Resûlullah’tan -sallallâhu aleyhi vesellem- rivayet ettiği bir hadis şöyledir: “Yüce Allah şöyle buyurdu: Mü’min kulumun başına bir bela getirdiğimde ziyaretçilerine beni şikâyet etmezse onu esaretten kurtarırım ve ona etinden hayırlı bir et, kanından hayırlı kan veririm. Sonra amellerine baştan başlar.”
Açıklama:
Kardeşim bir de Yüce Allah’ı yaratılanlara şikâyet etme, şikâyetini Allah’a (c.c.) yap, derdini O’na söyle. O sana, senden ve tüm insanlardan daha merhametlidir. Yerde ve gökte hiçbir şeyin hiçbir şeyden aciz bırakamadığı O’dur. Sana bu hastalığı veren ve onu kaldırmaya ve yok etmeye asıl gücü yeten de O’dur.
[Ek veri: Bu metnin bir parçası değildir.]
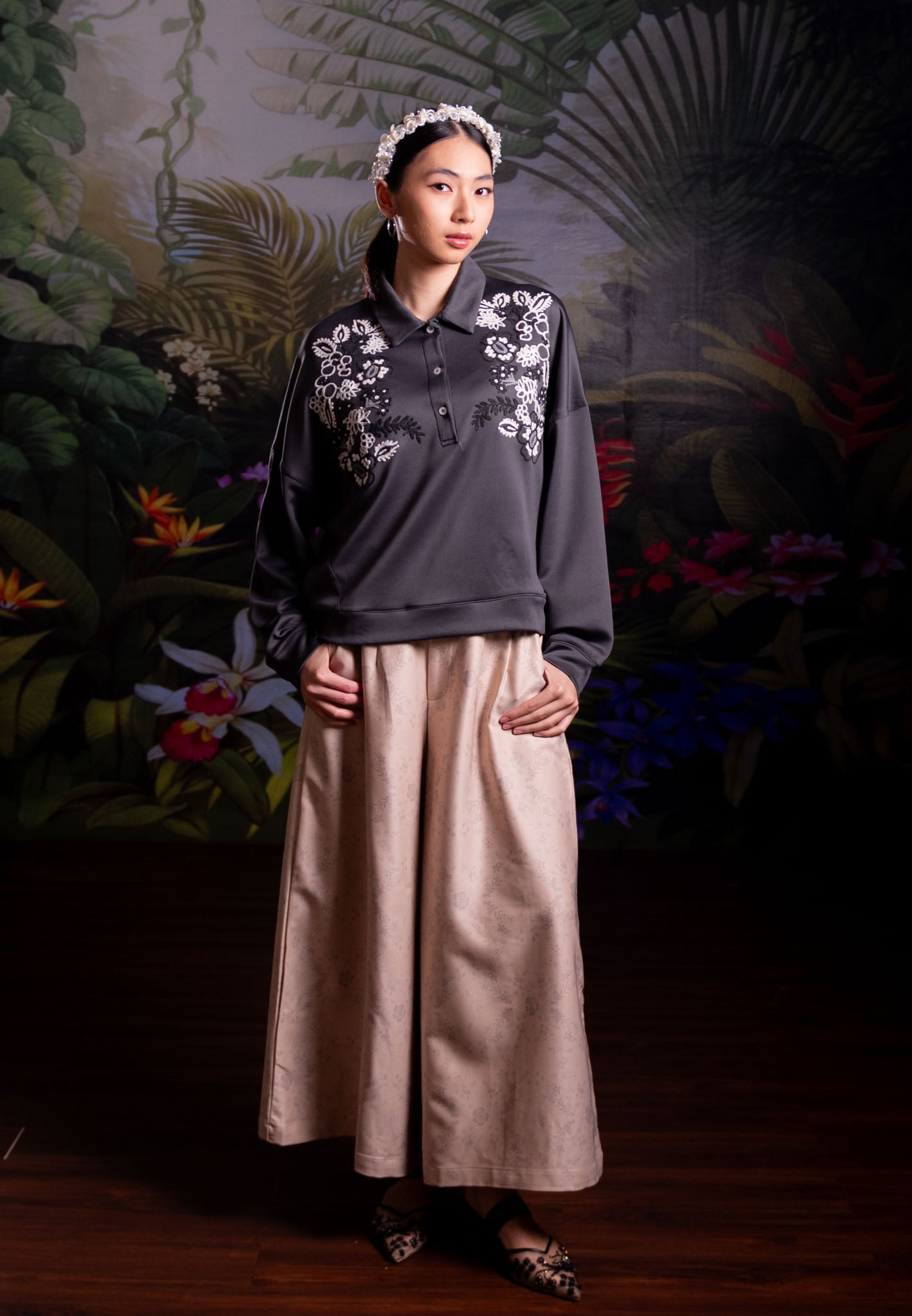 NONAETAL CATTLEYA WHISPER TOP LONG SLEEVE ASH BLACK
İbn Kayyım (rh.a) der ki: “Derdini Allah’a (c.c.) şikayet etmek sabra aykırı değildir. Nitekim Yakup (a.s.) güzel sabırla sabretme vaadinde bulunmuştur. Peygamber bir vaadde bulunduğunda onu yerine mutlaka getirir. Yakup (a.s.) daha sonra: “Ben derdimi ve hüznümü Allah’a şikayet ediyorum” demiştir. Eyyub (a.s.) da öyle; “Bu dert bana dokundu. Sen merhametlilerin en merhametlisisin” diye niyaz etmesine rağmen Allah (c.c.) “onu sabırlı bulduğunu” söylemiştir. Sabrı bozan şey Allah’a (c.c.) şikâyet değil, Allah’ı (c.c.) şikâyettir. Nitekim bir zat birisini ihtiyacını ve derdini birine yanarken görmüş ve “Ey adam! Sana merhamet edeni merhamet etmeyene mi şikâyet ediyorsun?” demiş, sonra şu şiiri söylemiştir:
Başına bir bela geldiğinde asilce sabret. Çünkü O (c.c.) sana daha merhametlidir. Âdemoğluna şikâyette bulununca sen, Merhametliyi merhametsize şikâyet ediyorsun .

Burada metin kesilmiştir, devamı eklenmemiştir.